Smart’s Sept. 29 report on the occasion stated that “because insurers believed Quackenbush was in their camp on regulatory policy, they were reluctant to publicly criticize his actions” until long after he started “bullying” them.
Alister McAlister of the Assn. of Independent Insurers was quoted as saying that “in retrospect, these companies should have told Quackenbush to go jump in the lake.”
Barry Carmody, president of the Assn. of California Insurance Companies, told the symposium he had concluded that the best check on the Quackenbush-run Insurance Department was actually an inquisitive news media.
Garamendi was quoted as saying that Quackenbush was compromised by the insurance money he took, but, for the insurers, it was “even more dangerous to give money and have your reputation besmirched by it.”
I find this exciting, because it shows that all this money that is being thrown around in politics may not simply be detrimental to the public interest, but may backfire on the businesses that give it.
I reached a more limited conclusion a dozen years ago, while covering the battle between insurer and trial lawyer interests in the Legislature and in big initiative campaigns: It seemed even then that the big contributors could often block things from happening, but their money couldn’t get them anything positive that they wanted.
Once the insurers and other big contributors realize the limitations, maybe they will be more accepting of campaign finance reform.

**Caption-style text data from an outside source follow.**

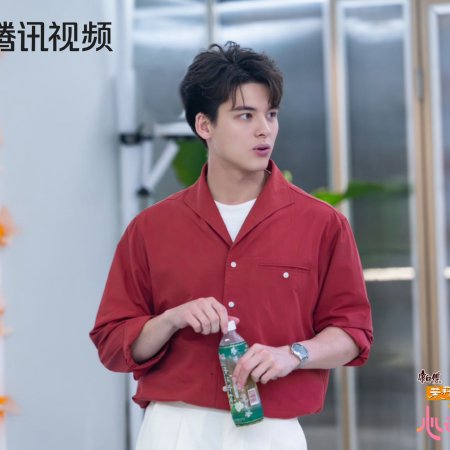 Heart Signal Season 8 (2025)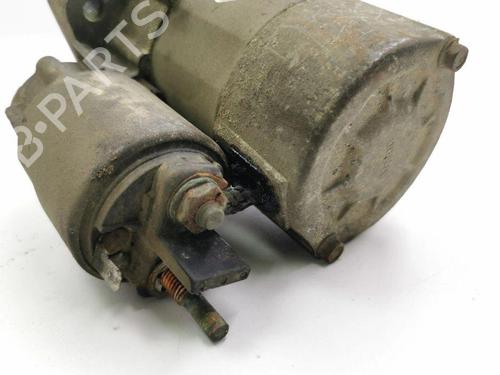 Starter RENAULT MEGANE I (BA0/1_) 1.6 16V (BA04, BA0B, BA11, BA1J, BA16, BA19, BA1K, BA1V,... | BP28903664M8 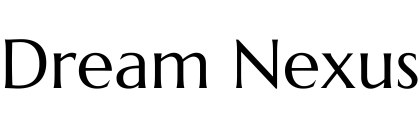 Dream Nexus Wagle Estate Logo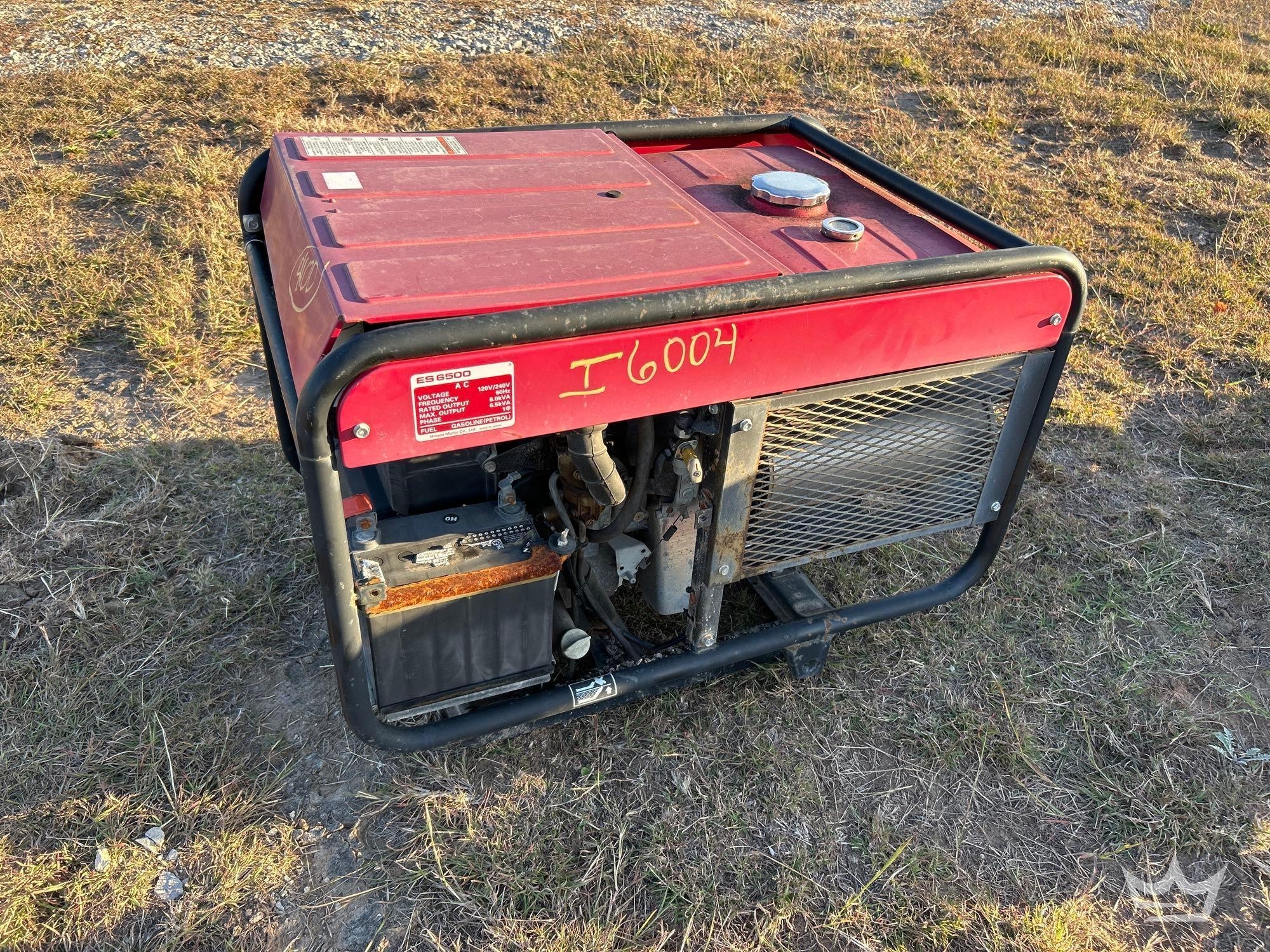 Generator (A55973)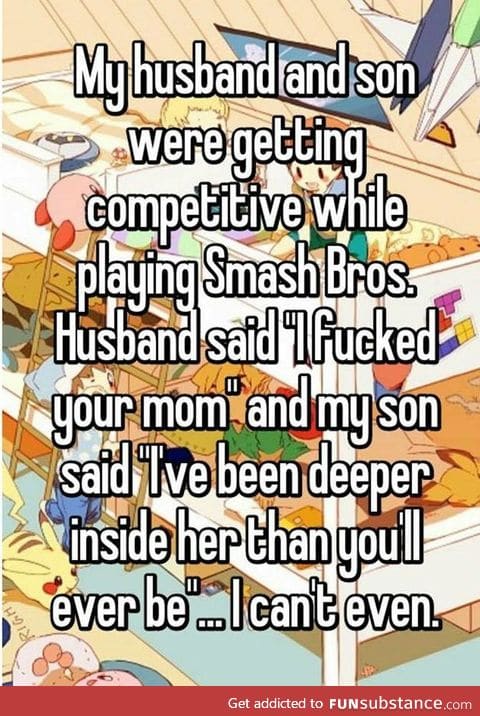 Can you feel that burn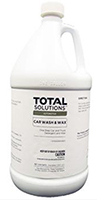 120 CAR WASH & WAX ONE STEP CLEANER 322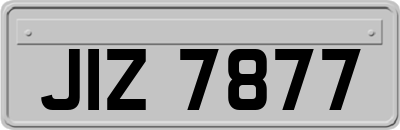 JIZ7877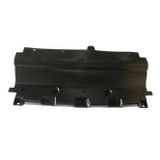 TŞT 2004-2011 Peugeot 407 Ön Tampon Alt Motor Muhafaza Plastiği (Karter Muhafaza Önü) (Adet) (Oem No:710
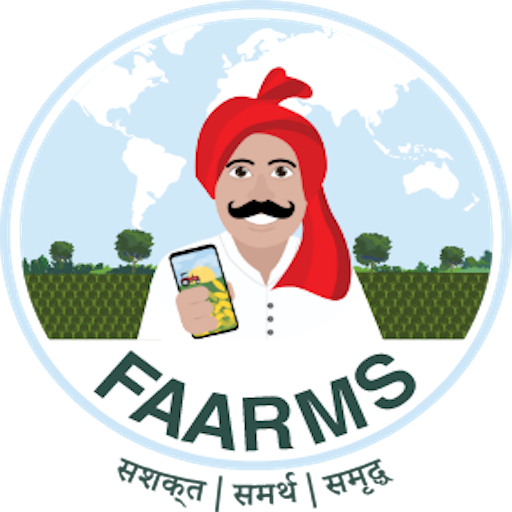 FAARMS: Agri Products Online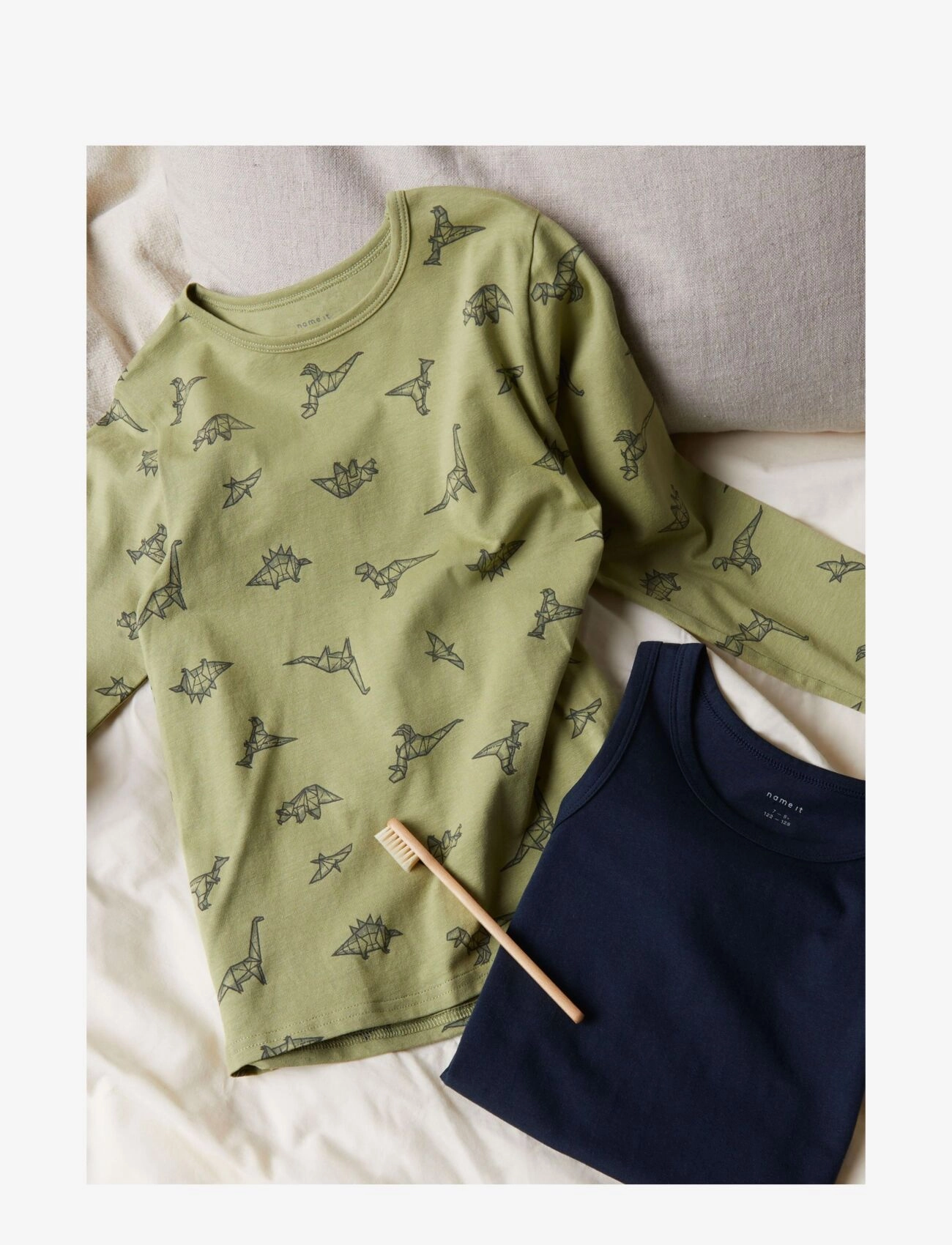 name it - NKMNIGHTSET SAGE DINO NOOS - sage - 5
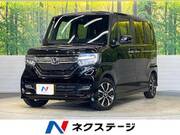 2020 HONDA N-BOX CUSTOM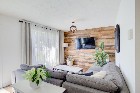MAISON *3 CHAMBRES * MONT-BELLEVUE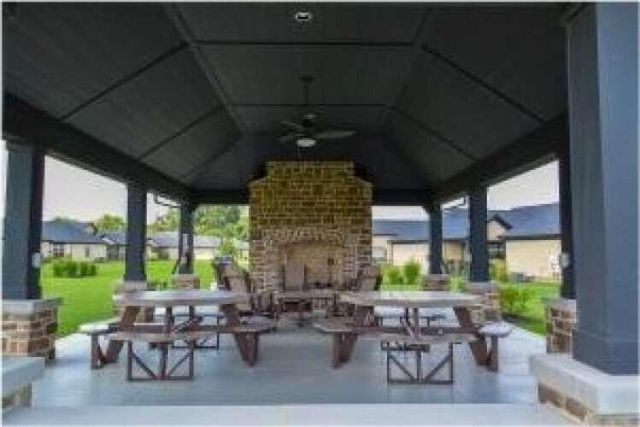 927 Pinnacle Club Drive, Grove City, OH 43123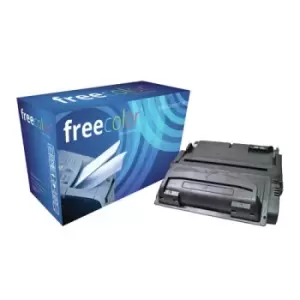 Freecolor 42A-FRC toner cartridge Black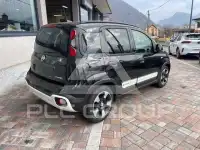 2025 Fiat Panda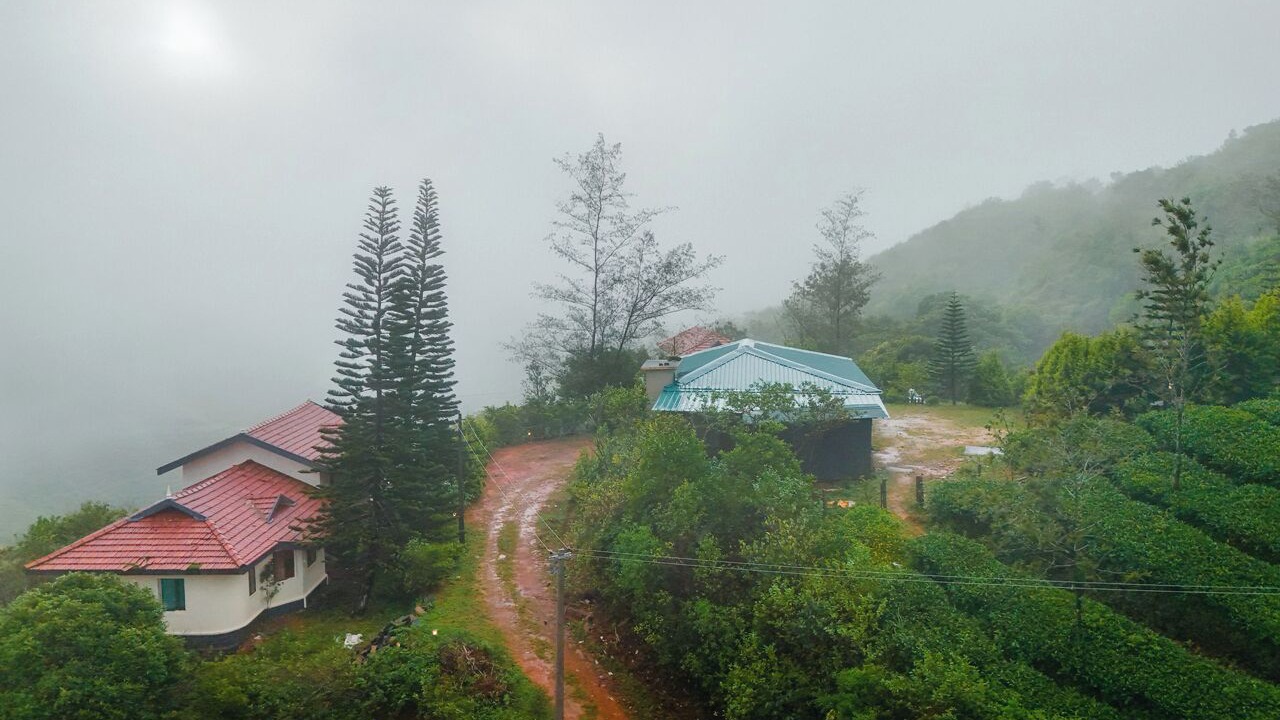 Photo of Outdoor in Vagamon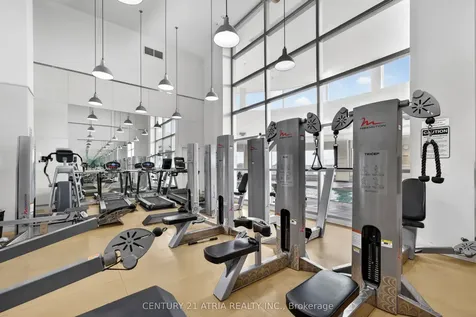 38 Lee Centre Drive Toronto ON M1H 3J7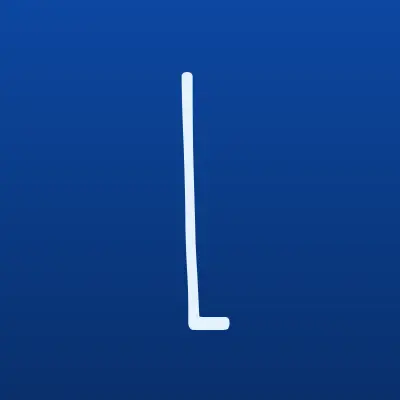 Loymax solutions, лого-визитка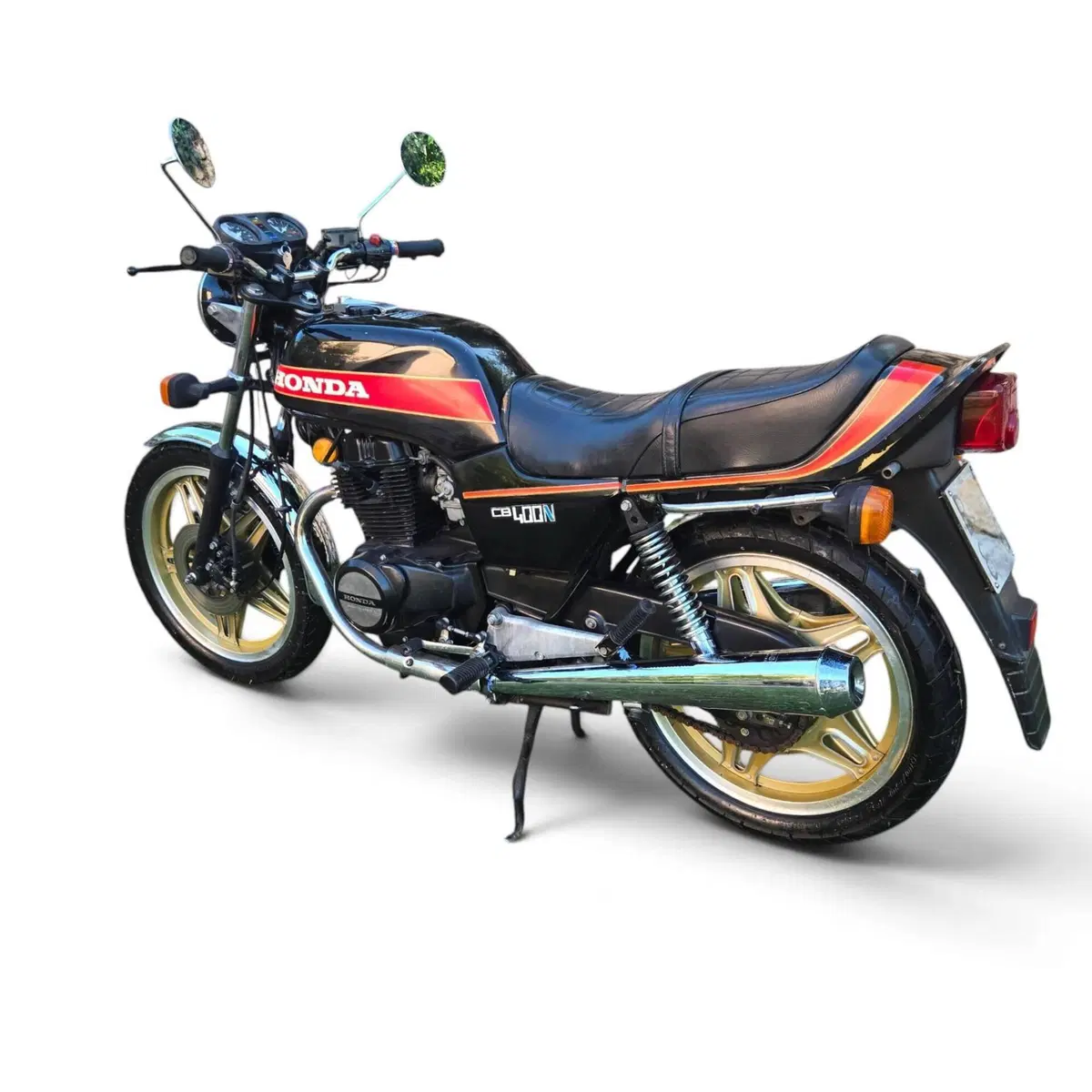 Honda CB 400 N (12)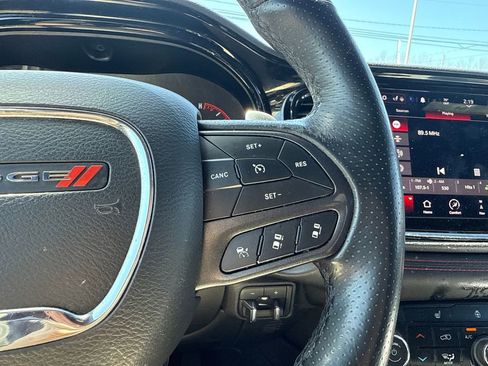 Used 2023 Dodge Durango GT AWD/4WD image 14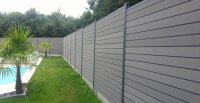 Portail Clôtures dans la vente du matériel pour les clôtures et les clôtures à Pissy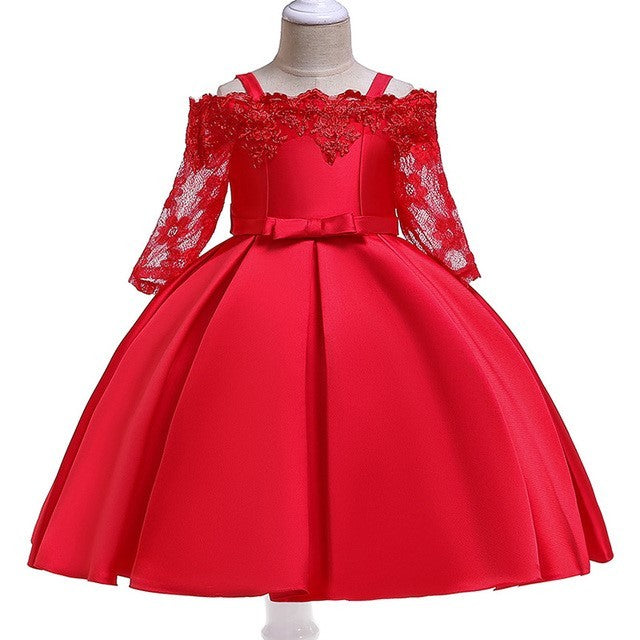 Elegant Lace Dress – Simple Style with Sophistication 6
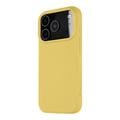 Custodia per iPhone 17 Pro Tactical MagForce Velvet Smoothie - Banana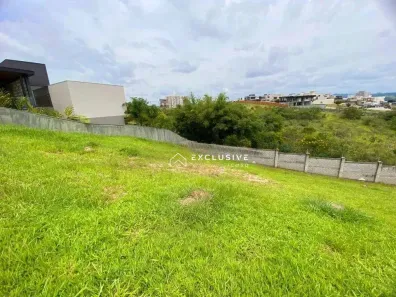 Lote/Terreno à venda, 645m² no Condomínio Residencial Alphaville I, São José dos Campos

As to the new claims period for Northridge victims, assuming it isn’t knocked down by the courts, there seems to be quite a bit of uncertainty, even among trial lawyers, about how many people will actually make claims. After all, it’s nearly seven years since the earthquake.
Meanwhile, it continues to be important, I think, to study how the companies performed in Northridge and what their relationship with Quackenbush really was.
Industry critics, like Harry Snyder of the Consumers Union, don’t think they did well on either count. “Their hubris took us to the cleaners, with their bought-and-
paid-for insurance commissioner,” he said. “It’s terribly important we understand the excesses.”